Paper long abstract:
Since the national awakening of political activism in 2012, radical resistant groups have become ubiquitous in urban spaces and discourses in Madrid. Whilst they remain highly visible in the urban landscape, radical activists occupy a liminal space, constructed as marginal and even criminal by local authorities and discourses. As such, actors must continuously renegotiate the threatening 'criminal' status in which they are seen to operate.
This study draws upon analyses of protest, urban space and online publications to further our understanding of how this group is constructed as threatening to centralised definitions of order. In parallel, victims of this 'ideological criminalisation' articulate their own status of exclusion, creating lasting resistant identities.
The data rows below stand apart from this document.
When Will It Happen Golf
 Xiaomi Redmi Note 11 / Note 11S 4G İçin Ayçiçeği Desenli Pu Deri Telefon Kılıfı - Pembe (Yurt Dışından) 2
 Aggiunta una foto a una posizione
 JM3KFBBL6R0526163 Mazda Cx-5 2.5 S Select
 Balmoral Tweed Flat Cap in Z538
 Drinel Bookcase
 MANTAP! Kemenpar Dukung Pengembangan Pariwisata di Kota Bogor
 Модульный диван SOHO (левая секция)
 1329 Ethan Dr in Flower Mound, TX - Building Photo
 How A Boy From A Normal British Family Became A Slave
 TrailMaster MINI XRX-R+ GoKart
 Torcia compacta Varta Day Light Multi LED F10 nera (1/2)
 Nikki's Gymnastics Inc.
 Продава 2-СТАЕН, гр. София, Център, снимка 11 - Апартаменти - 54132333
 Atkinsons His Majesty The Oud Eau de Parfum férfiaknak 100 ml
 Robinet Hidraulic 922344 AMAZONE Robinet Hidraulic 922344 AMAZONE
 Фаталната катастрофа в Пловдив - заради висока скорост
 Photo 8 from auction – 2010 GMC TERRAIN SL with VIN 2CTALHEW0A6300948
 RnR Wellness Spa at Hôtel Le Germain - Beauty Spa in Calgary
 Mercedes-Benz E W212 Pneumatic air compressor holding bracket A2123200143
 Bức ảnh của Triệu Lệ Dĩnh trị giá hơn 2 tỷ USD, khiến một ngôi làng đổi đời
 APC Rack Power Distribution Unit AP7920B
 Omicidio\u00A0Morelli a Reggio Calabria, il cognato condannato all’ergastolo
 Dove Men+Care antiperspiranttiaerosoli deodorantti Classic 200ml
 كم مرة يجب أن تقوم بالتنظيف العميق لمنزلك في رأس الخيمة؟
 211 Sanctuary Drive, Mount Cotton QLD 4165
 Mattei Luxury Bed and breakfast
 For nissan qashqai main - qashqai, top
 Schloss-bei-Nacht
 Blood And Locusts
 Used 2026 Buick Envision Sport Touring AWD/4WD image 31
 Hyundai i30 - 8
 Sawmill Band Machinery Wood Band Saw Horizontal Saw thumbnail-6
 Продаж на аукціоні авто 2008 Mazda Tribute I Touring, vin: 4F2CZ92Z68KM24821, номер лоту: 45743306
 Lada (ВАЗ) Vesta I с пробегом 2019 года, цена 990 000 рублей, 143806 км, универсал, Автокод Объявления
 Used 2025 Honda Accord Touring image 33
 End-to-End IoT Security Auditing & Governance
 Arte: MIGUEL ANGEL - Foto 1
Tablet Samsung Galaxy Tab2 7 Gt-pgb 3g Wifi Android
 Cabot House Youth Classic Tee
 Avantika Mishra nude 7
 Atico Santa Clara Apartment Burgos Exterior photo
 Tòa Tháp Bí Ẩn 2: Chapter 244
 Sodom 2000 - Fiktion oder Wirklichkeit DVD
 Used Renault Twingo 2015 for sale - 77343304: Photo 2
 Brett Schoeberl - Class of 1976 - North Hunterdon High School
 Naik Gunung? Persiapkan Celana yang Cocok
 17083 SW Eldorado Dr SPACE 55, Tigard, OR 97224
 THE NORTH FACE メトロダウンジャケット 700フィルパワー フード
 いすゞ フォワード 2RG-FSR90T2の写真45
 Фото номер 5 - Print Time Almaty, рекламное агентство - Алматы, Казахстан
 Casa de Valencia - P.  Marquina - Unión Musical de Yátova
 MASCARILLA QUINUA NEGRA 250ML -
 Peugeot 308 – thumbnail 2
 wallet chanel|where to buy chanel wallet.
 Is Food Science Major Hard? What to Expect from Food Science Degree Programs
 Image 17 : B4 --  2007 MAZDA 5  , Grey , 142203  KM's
Drawing upon ongoing ethnographic research amongst new and established activist circles in the city of Madrid, this study examines how local discourses amalgamate and criminalise the politics of the radical left. Firstly, it presents a rhetorical and aesthetic analysis of how 'anarchists' as a group are portrayed as a liminal and threatening category, in opposition to order and governance. Ethnography conducted within the groups themselves, however, shows how this process of exclusion from 'legitimate' political circles is appropriated by actors and activists.
How actors appropriate their own exclusion as a political tool, creating recognisable and lasting resistant identities, is key to understanding the impact of political protest beyond electoral politics. This is of particular importance in a field which is being drastically transformed by the fluidity of image sharing, as aesthetic and identity often outweighs ideological content.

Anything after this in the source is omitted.